On September 15, 2011, Defendants removed the matter to this Court. On October 31, 2011, the Court dismissed Defendant Charming Shoppes, Inc. from this action. Thereafter, Defendant Lane Bryant filed an answer to the complaint on November 14, 2011.
On November 17, 2011, the Court held a scheduling conference and provided a deadline of December 2, 2011, for the parties to file a motion to amend and a motion to dismiss.
On December 2, 2011, Lane Bryant filed a motion to enforce a settlement agreement entered into between Plaintiff and Defendants. Lane Bryant alternatively sought summary judgment on Plaintiff's claims.
On December 2, 2011, Plaintiff filed the instant motion for leave to file a first amended complaint to substitute the named plaintiff in this case.
On December 5, 2011, the Court vacated the hearing on the motion to enforce settlement agreement, stating that determination of the motion to amend prior to Lane Bryant's motion to enforce settlement will narrow relevant issues and promote efficiency. Doc. 26.
On January 13, 2012, Lane Bryant filed its opposition to the motion to amend. Plaintiff filed his reply on January 20, 2012.
FACTUAL BACKGROUND
On June 2, 2011, Plaintiff filed a discrimination charge against Lane Bryant and Charming Shoppes with the California Department of Fair Employment and Housing ("DFEH").

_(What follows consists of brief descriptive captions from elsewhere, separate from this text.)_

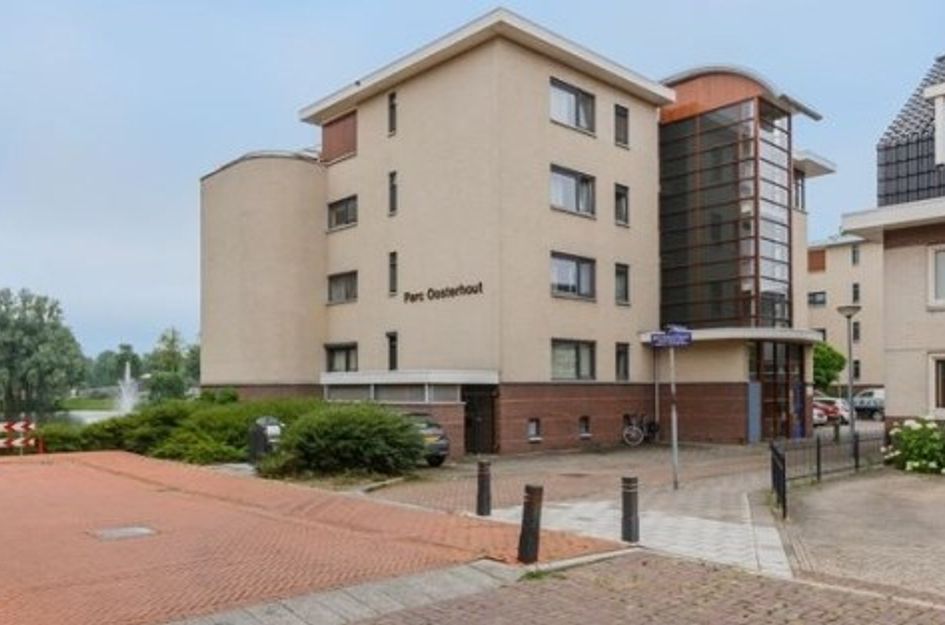 Rederijkershof 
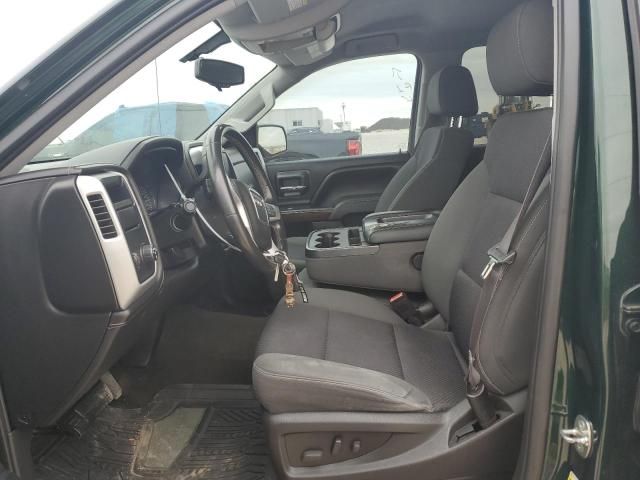 2014 GMC Sierra C1500 SLE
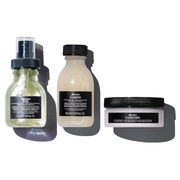 Davines(ダヴィネス) / オイ スターターキットの公式商品情報｜美容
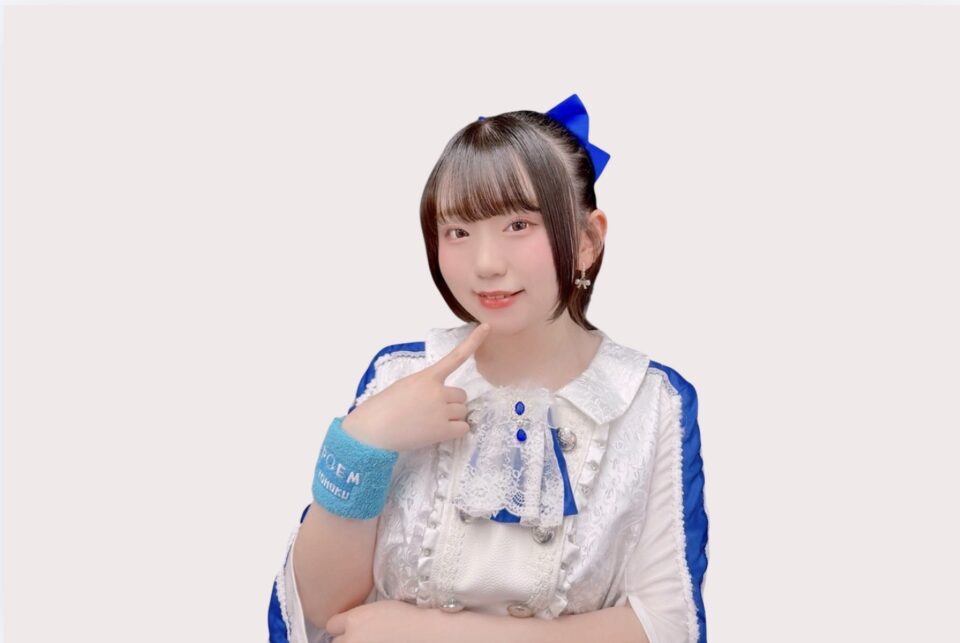 [ POEM ] 東北のアイドルユニット・POEM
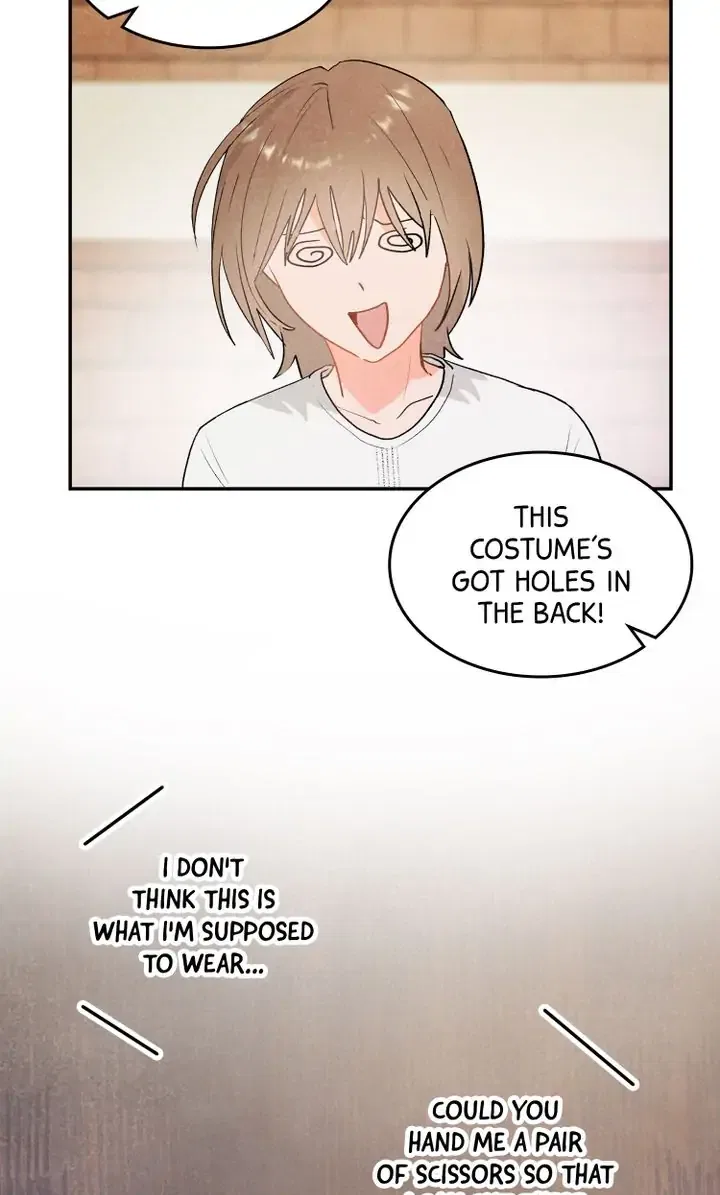 Starring You and Me Chapter 19 – Page 64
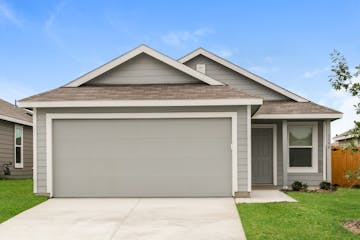 3154 Crestone Drive Crandall, TX 75114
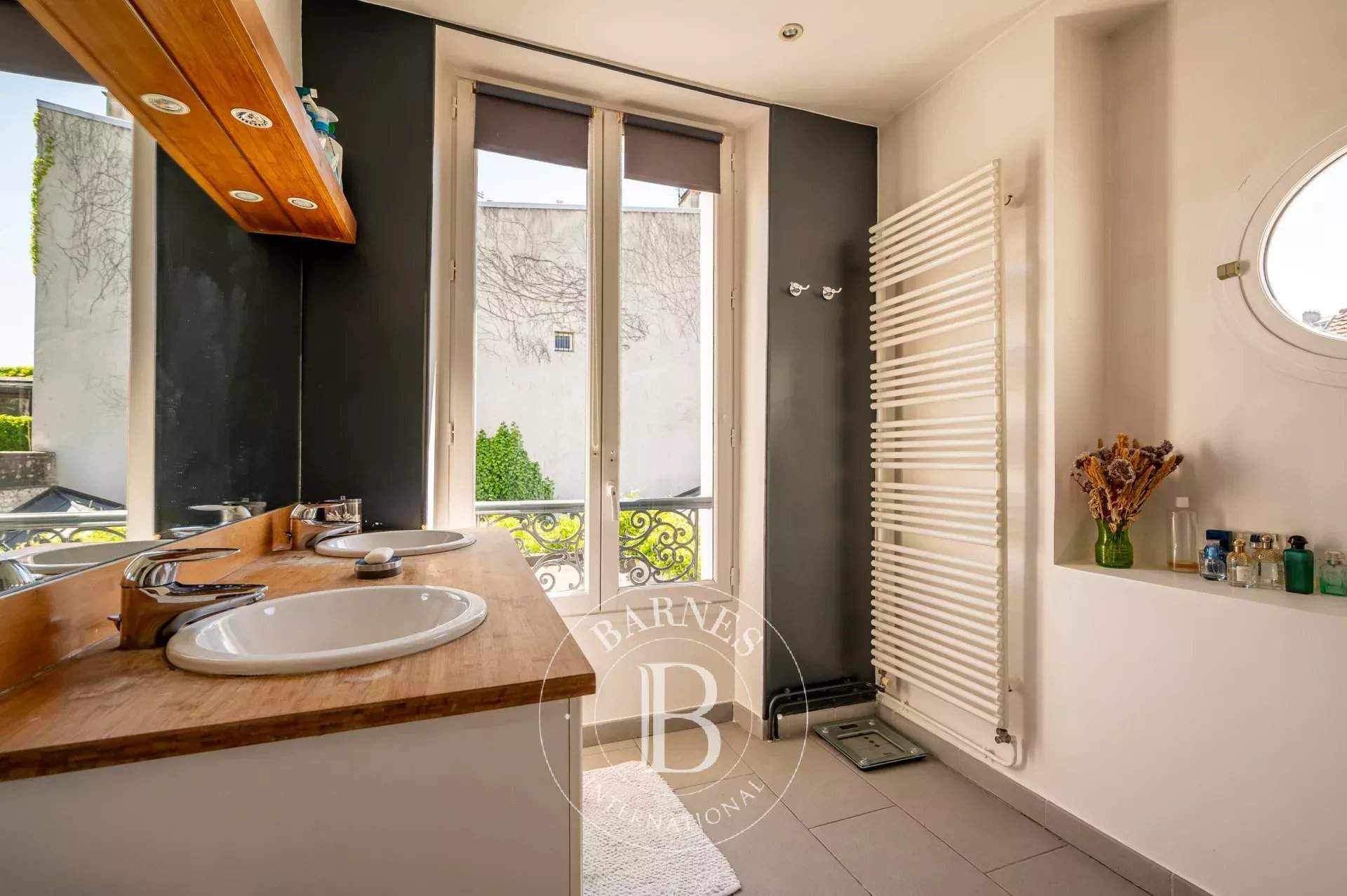 Asnières-sur-Seine  - House 4 Bedrooms - picture 16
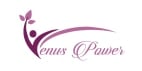 Venus Power logo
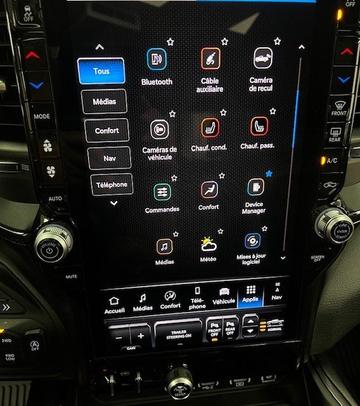 Ram 1500 2025 - Thumbnail 21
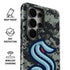 NHL Seattle Kraken Camo Galaxy S26 Ultra Impact Case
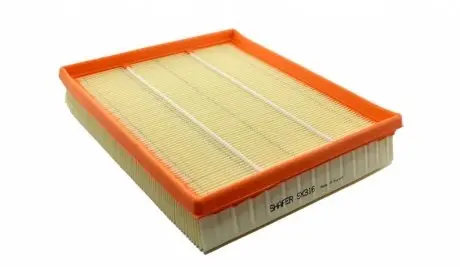 Фільтр повітряний Нексия SHAFER SX316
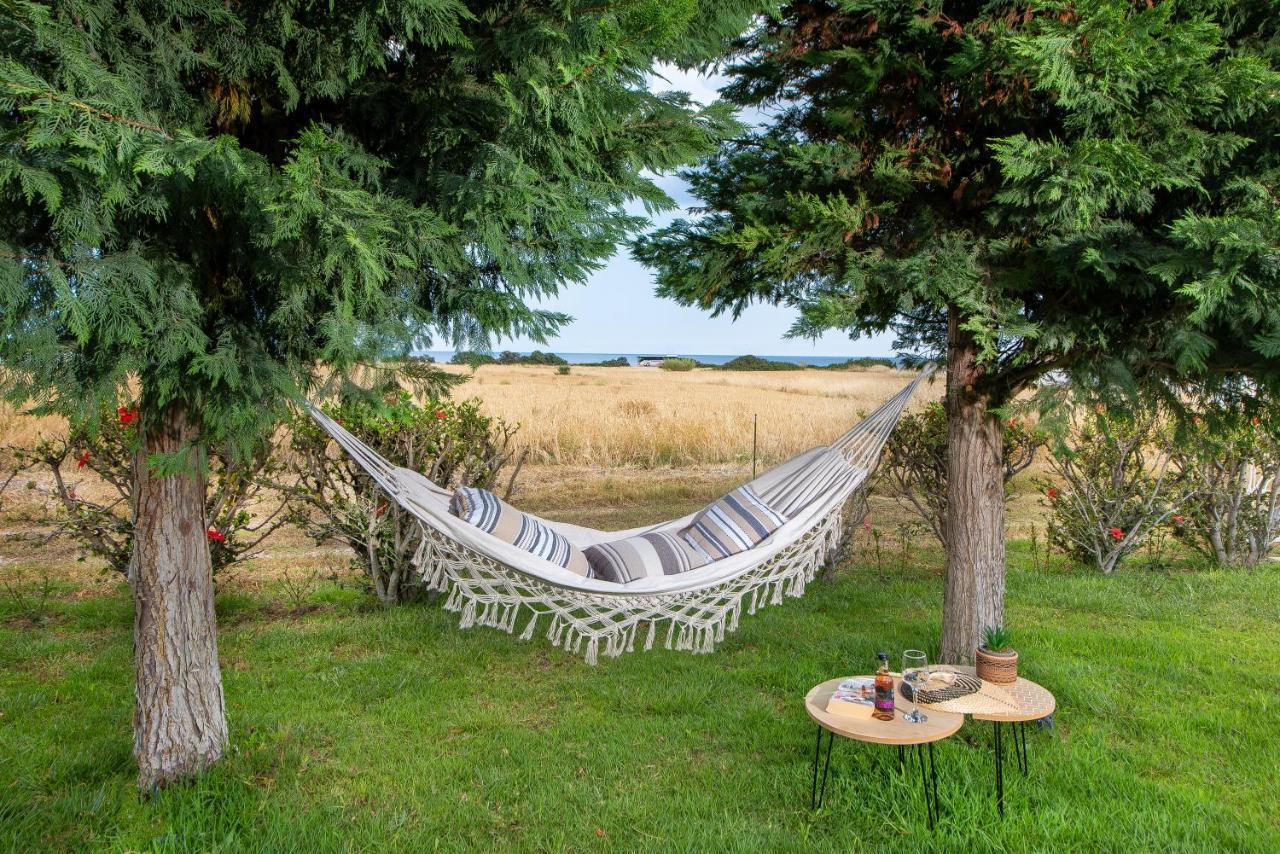 Ilaira Sea View Bungalow Генади Екстериор снимка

Declaration of Rebecca Walden ("Walden Dec.") ¶ 3.
On July 26, 2011, Plaintiff filed this class action lawsuit in Merced County regarding wage and hour claims against Lane Bryant and Charming Shoppes. Doc. 1.
By August 16, 2011, the DFEH mediation office communicated with Plaintiff about his willingness to participate in mediation with a neutral DFEH mediator. Walden Dec. ¶ 4. Both Plaintiff and Lane Bryant agreed to mediation. Walden Dec. ¶ 5.
On September 1, 2011, the DFEH mediator sent an e-mail to Rebecca Walden, Human Resources Manager of Stores for Lane Bryant, and to Plaintiff that included: (1) written notice confirming the agreement to participate in telephonic mediation on September 16, 2011; (2) an agreement to mediate and confidentiality form; (3) a sample settlement agreement; and (4) a sample notice of successful mediation. Walden Dec. ¶ 5 and Exhibit 1.
On September 26, 2011, Plaintiff, Ms. Walden and Thomas M. Smith, Vice President of Legal and Employee Relations for Lane Bryant and Assistant Secretary for Charming Shoppes participated in the DFEH mediation by telephone from different states. Other than initial introductions and opening statements, neither Ms. Walden nor Mr. Smith spoke directly to Plaintiff. All substantive communications were with the DFEH mediator. Walden Dec. ¶¶ 6-7; Declaration of Thomas Smith ("Smith Dec.") ¶ 6. According to Ms. Walden and Mr. Smith, there was a break during the mediation so that Plaintiff could speak with his attorneys regarding settlement of his wage and hour claims and dismissal of his lawsuit. Walden Dec. ¶ 8; Smith Dec. ¶ 7.
A settlement was reached during the DFEH mediation. Walden Dec. ¶ 9. On that same day, Mr. Smith modified the DFEH form settlement agreement to expressly reference dismissal of the wage and hour putative class action. Mr. Smith sent the draft agreement to the mediator, who forwarded it to Plaintiff. Plaintiff executed the agreement and emailed it to the mediator with a copy to Mr. Smith. Smith Dec. ¶ 8 and Exhibit 4.
Immediately after the mediation, Plaintiff reportedly contacted his class action counsel and informed them that the parties did not settle. The following day, on September 27, 2011, Plaintiff sent his counsel a letter seeking to withdraw himself from this case as the named class representative. Declaration of David M. Medby ("Medby Dec.") ¶ 7. Plaintiff also sent Mr. Smith an e-mail, copied to Ms. Walden and the DFEH mediator, stating that he had instructed his attorneys in the wage and hour lawsuit to "immediately withdraw" his participation from the lawsuit. Walden Dec. ¶ 9 and Exhibit 2.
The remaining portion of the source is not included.